In [1]:
import numpy as np
import torch
import faiss
from sentence_transformers import SentenceTransformer
from transformers import BertTokenizer

In [2]:
# Check if MPS is available and set the device accordingly
device = torch.device("cpu")

In [3]:
# Load the custom tokenizer
tokenizer_dir = "archive/custom_tokenizer"  # Path to the saved tokenizer directory
custom_tokenizer = BertTokenizer.from_pretrained(tokenizer_dir)

In [4]:
# Load the pre-trained Sentence-BERT model
model = SentenceTransformer('sentence-transformers/all-mpnet-base-v2')

# Replace the default tokenizer with the custom tokenizer
model.tokenizer = custom_tokenizer

In [5]:
# Query and document examples
query = "Donald Trump recently visited the UK."
documents = [
    "The President of the United States visited the UK.",
    "The UK was visited by the President of the United States.",
    "ONU congress decides to ban nuclear weapons.",
    "The sky is blue.",
    "The sun is shining.",
    "Recipe for a delicious cake."
]

# Generate embeddings for documents and query
doc_embeddings = model.encode(documents)
query_embedding = model.encode([query])

# Normalize embeddings
doc_embeddings = doc_embeddings / np.linalg.norm(doc_embeddings, axis=1, keepdims=True)
query_embedding = query_embedding / np.linalg.norm(query_embedding, axis=1, keepdims=True)

# Create FAISS index
dimension = doc_embeddings.shape[1]
index = faiss.IndexFlatIP(dimension)
index.add(np.array(doc_embeddings))

# Search for the most similar documents
k = len(documents)
distances, indices = index.search(np.array(query_embedding), k)

# Display results
for i, idx in enumerate(indices[0]):
    fragment = documents[idx]
    score = distances[0][i]
    print(f"Fragment: {fragment}\nGrad de similitudine: {score:.2f}")
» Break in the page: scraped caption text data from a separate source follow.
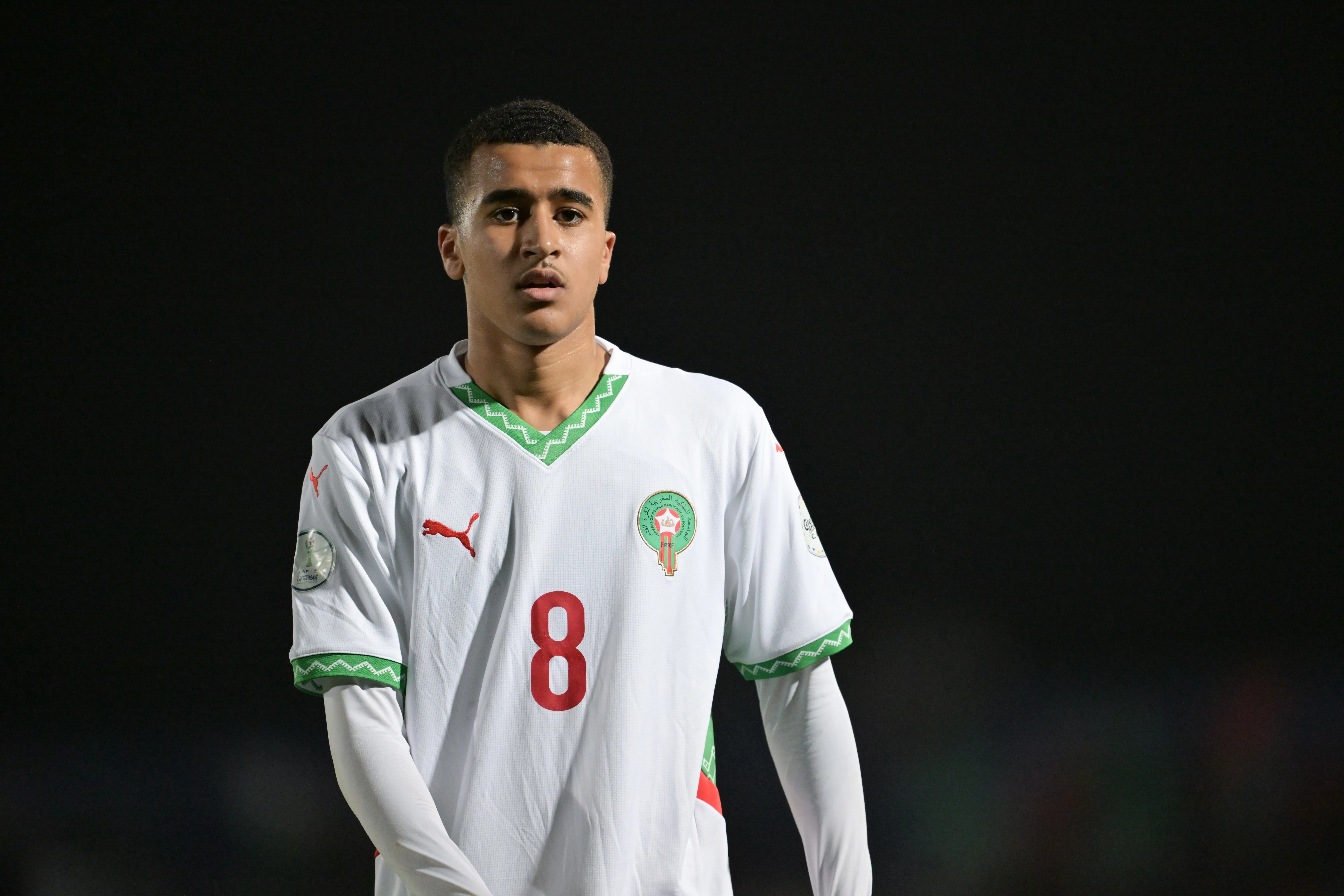 Abdellah Ouazane : "Je suis enthousiaste et prêt à tout donner pour la sélection marocaine"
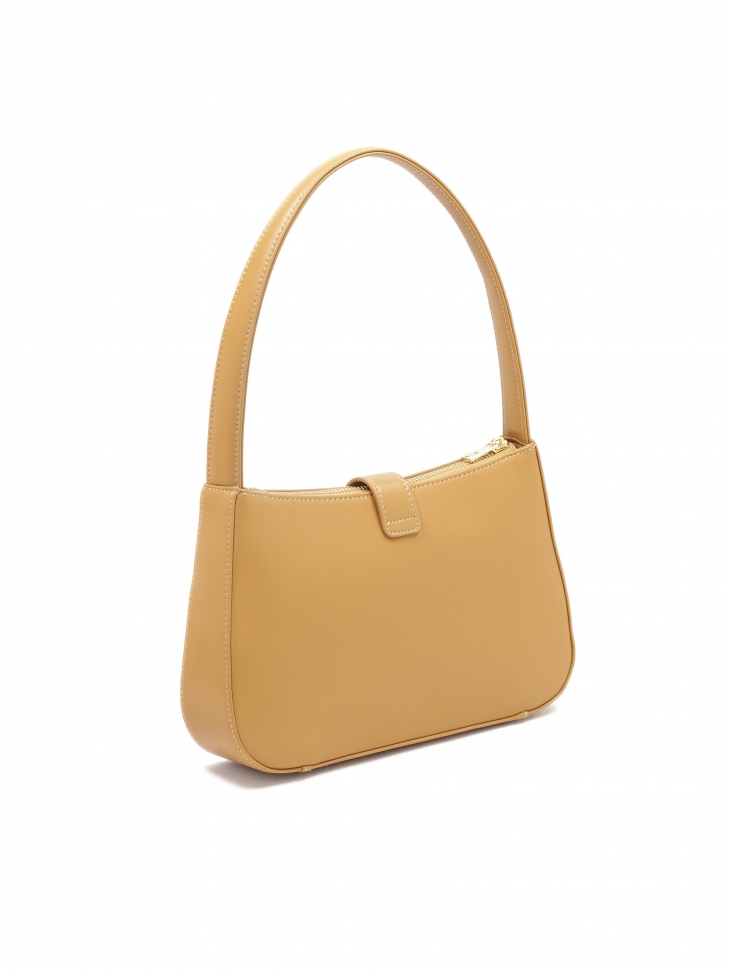 Torebka baguette z ótkim paskiem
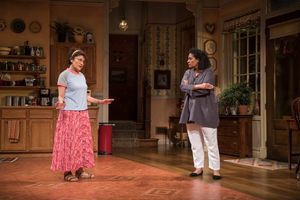 Sandra Marquez, Ora Jones @ BroadwayWorld Sandra Marquez, Ora Jones Photo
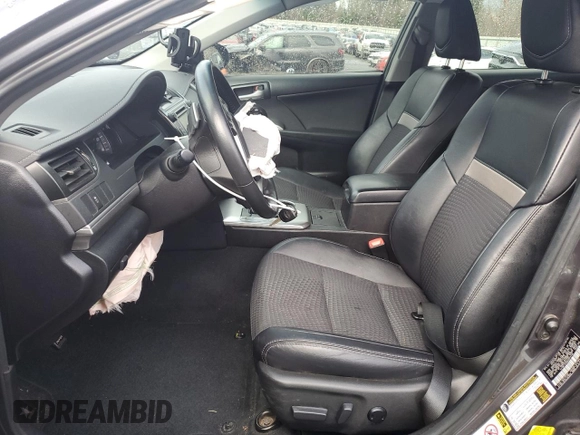 2014 Toyota Camry L with VIN 4T1BF1FK6EU375148, listed as a Copart auction lot 48865435 with 106,703 mi miles and Salvage Title. Bid and sale history available at carsss.com. Image 7.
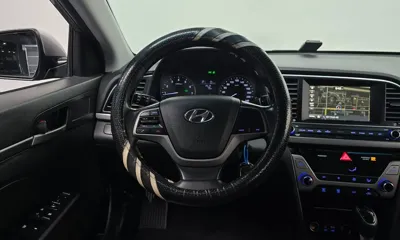 Hyundai Avante 2016, 142318 км, за 4492.9 USD - фото 13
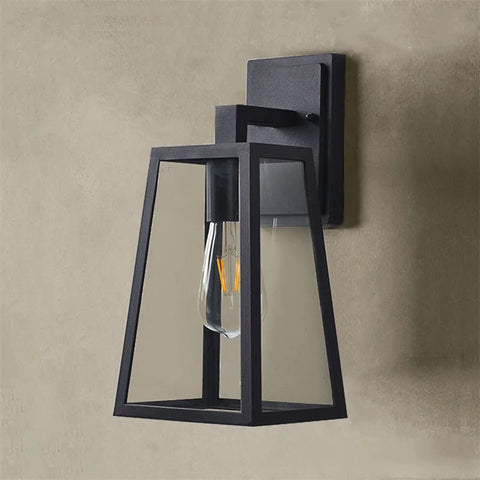 Outdoor Wall Sconces Lamps Fixture Modern Waterproof Patio LED Light for Home Porch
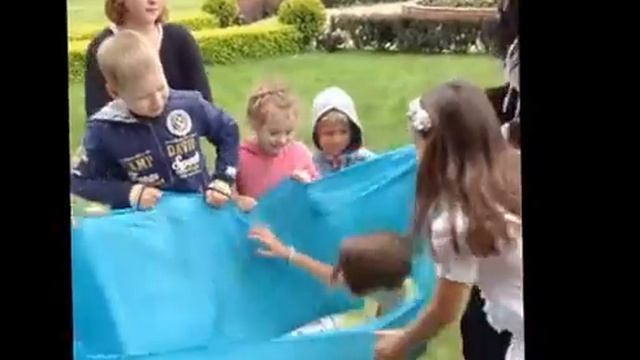 Карапузы.Агентство детских праздников. смотреть онлайн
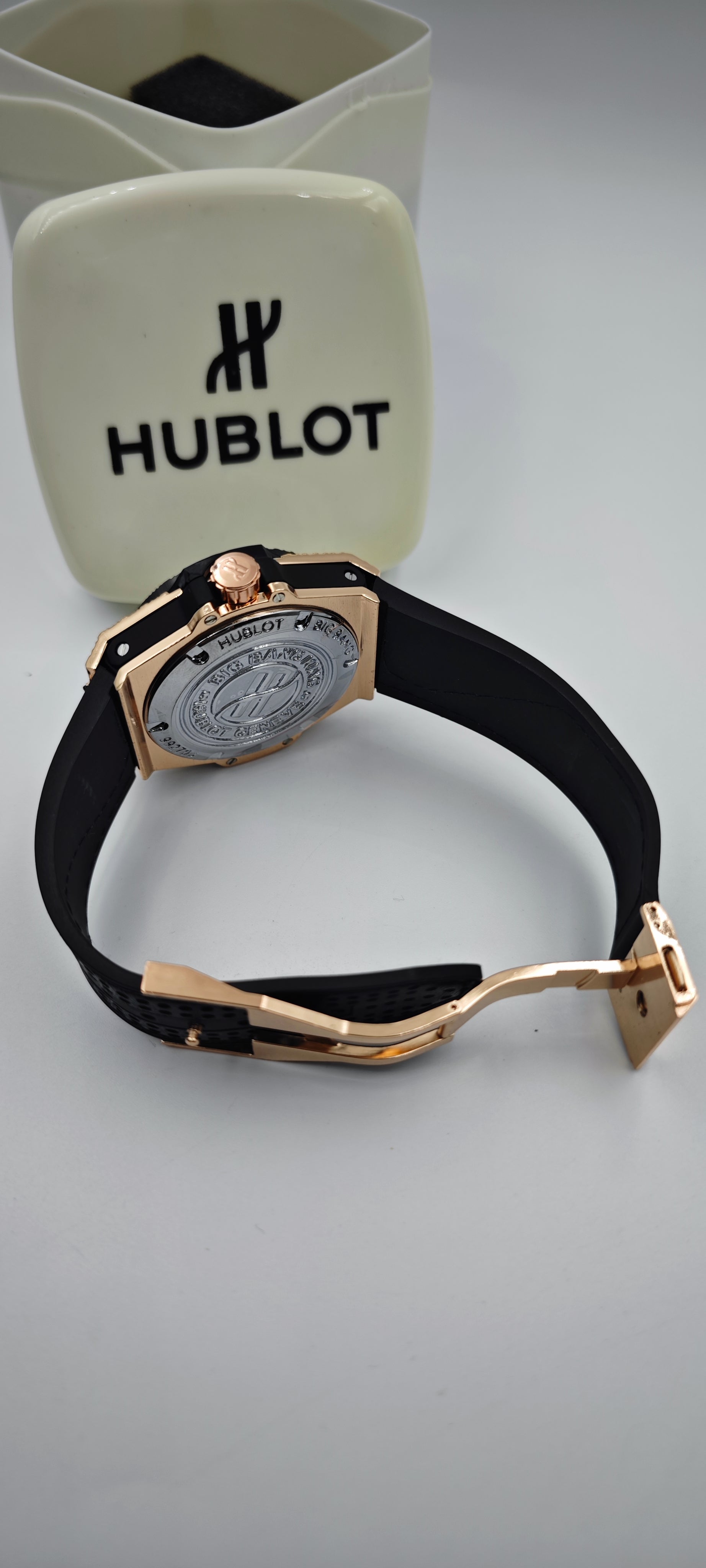 Hublot Geneve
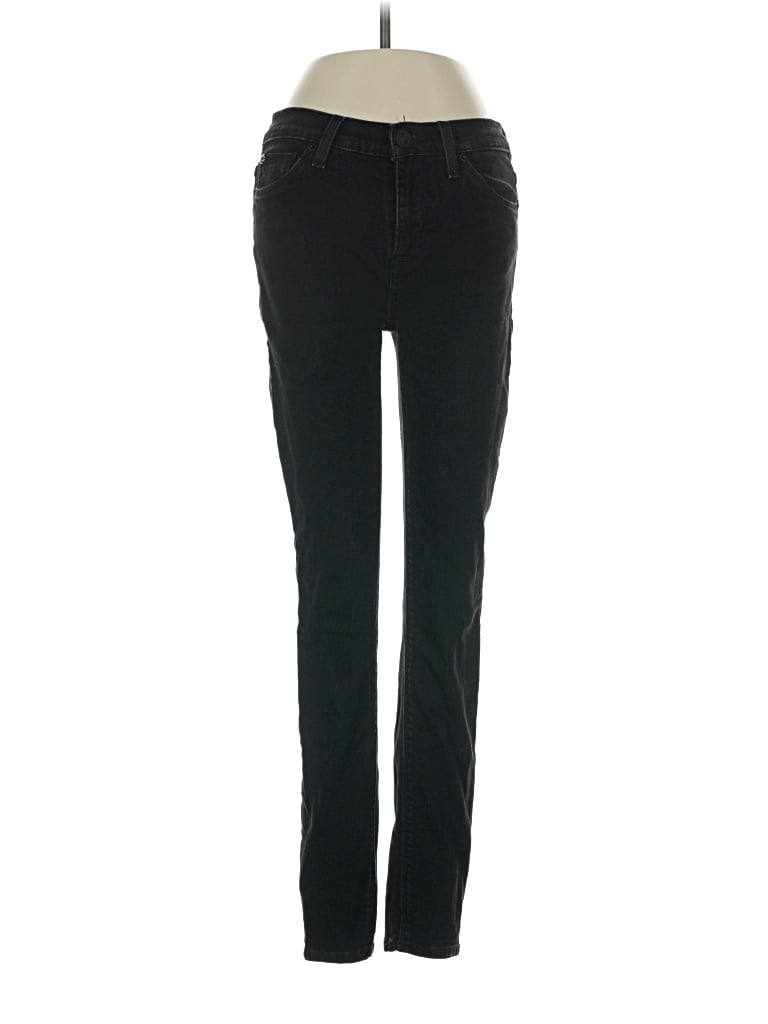 Pre-owned Hudson Jeans In Black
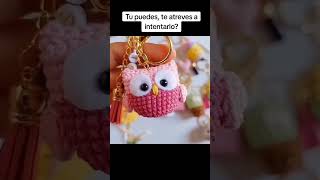 como hacer un amigurumi crochet amigurumi dyi manualidades tejer tejido patronesamigurumis [upl. by Zile]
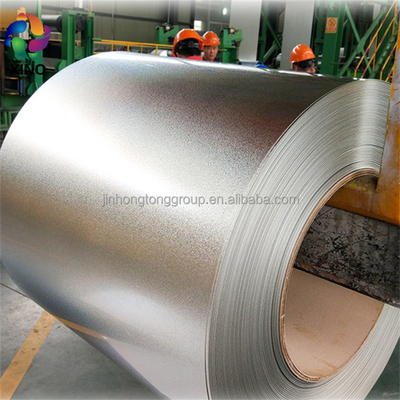 Κανονικό Spangle Dx51d Spcc Ζεστό βουτηγμένο Galvalume Steel Coil Az275 Az350 Ζήχαρα Αλουμινίου Εστέρας Εστέρας Galvalum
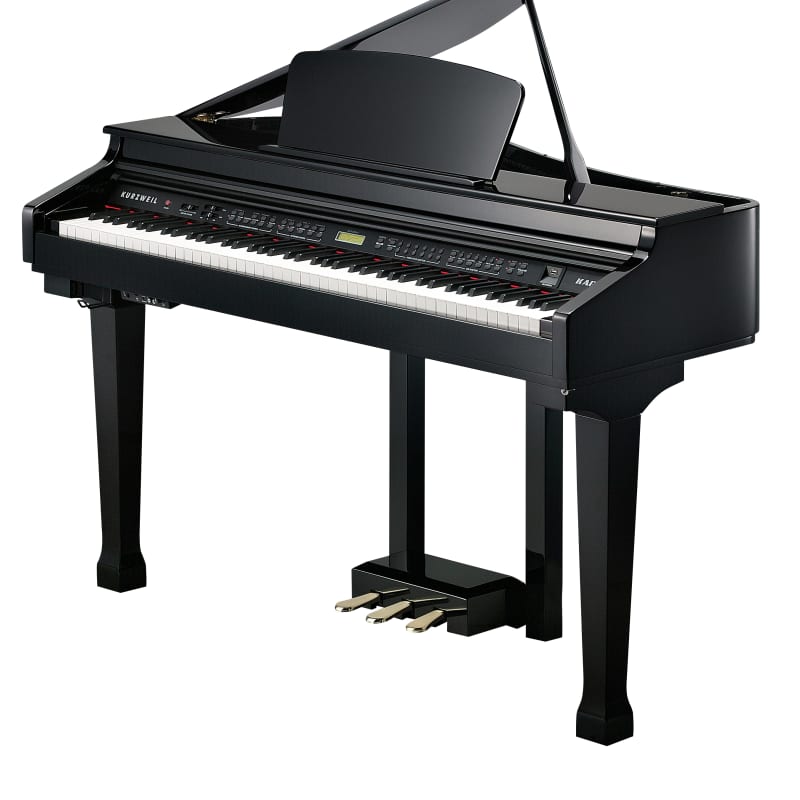 2022 Kurzweil KAG-100-U Black - new Kurzweil       Digital Piano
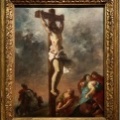 Christ sur la croix.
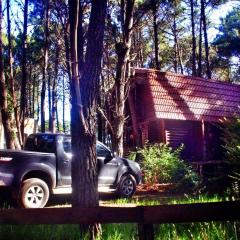 Cabañas De La Abuela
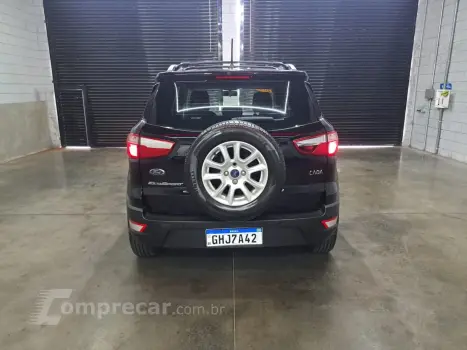 Ecosport 1.5 Ti-Vct Flex Se Automático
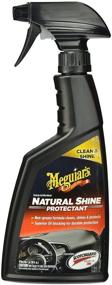 img 2 attached to 🚗 Meguiar's G4116 Natural Shine Protectant - 16 oz. - Ultimate Car Care Product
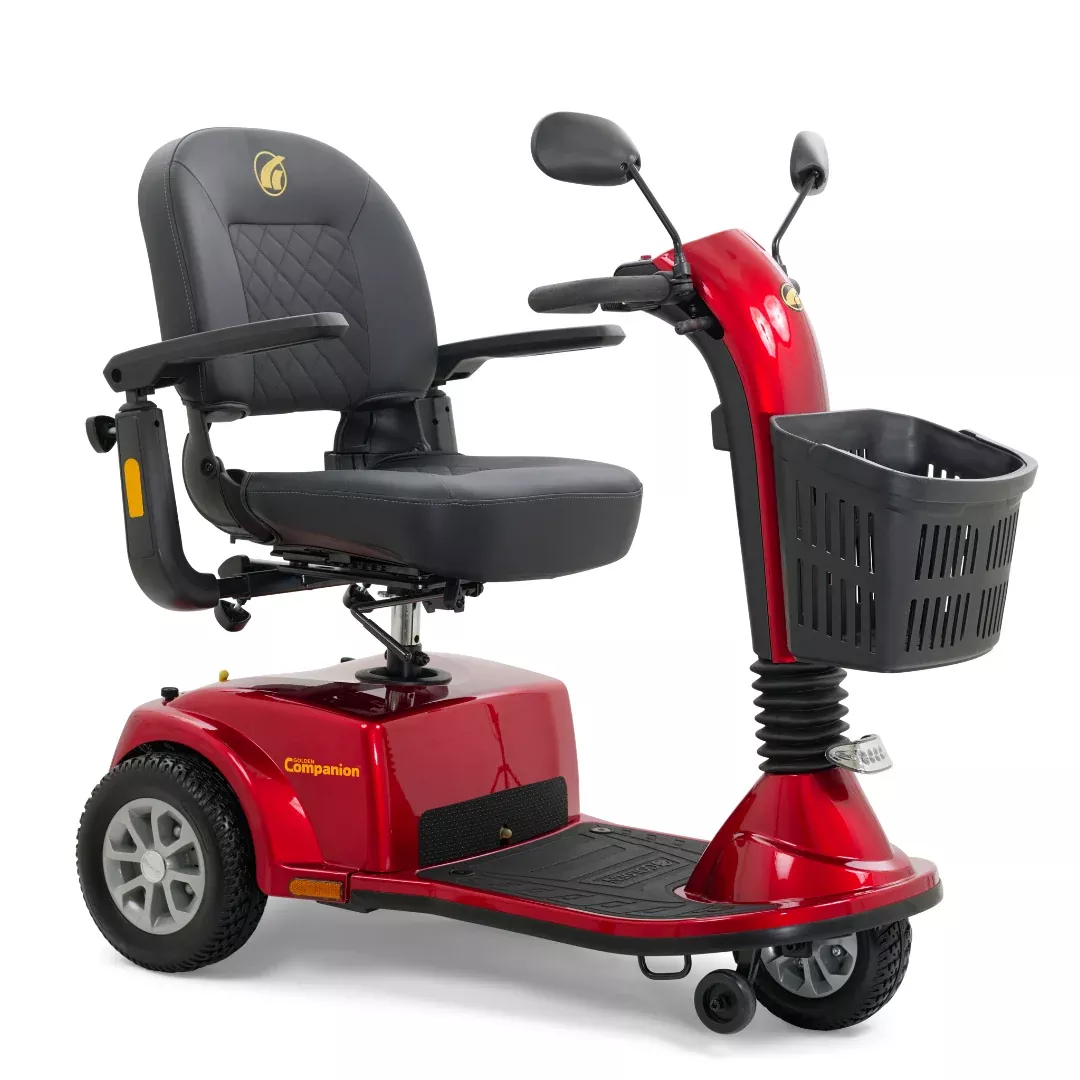 Golden Tech GC240 Companion Mid-Size Mobility Scooter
Fragment: The sky is blue.
Grad de similitudine: 0.98
Fragment: The sun is shining.
Grad de similitudine: 0.58
Fragment: ONU congress decides to ban nuclear weapons.
Grad de similitudine: 0.55
Fragment: Recipe for a delicious cake.
Grad de similitudine: 0.47
Fragment: The President of the United States visited the UK.
Grad de similitudine: 0.43
Fragment: The UK was visited by the President of the United States.
Grad de similitudine: 0.39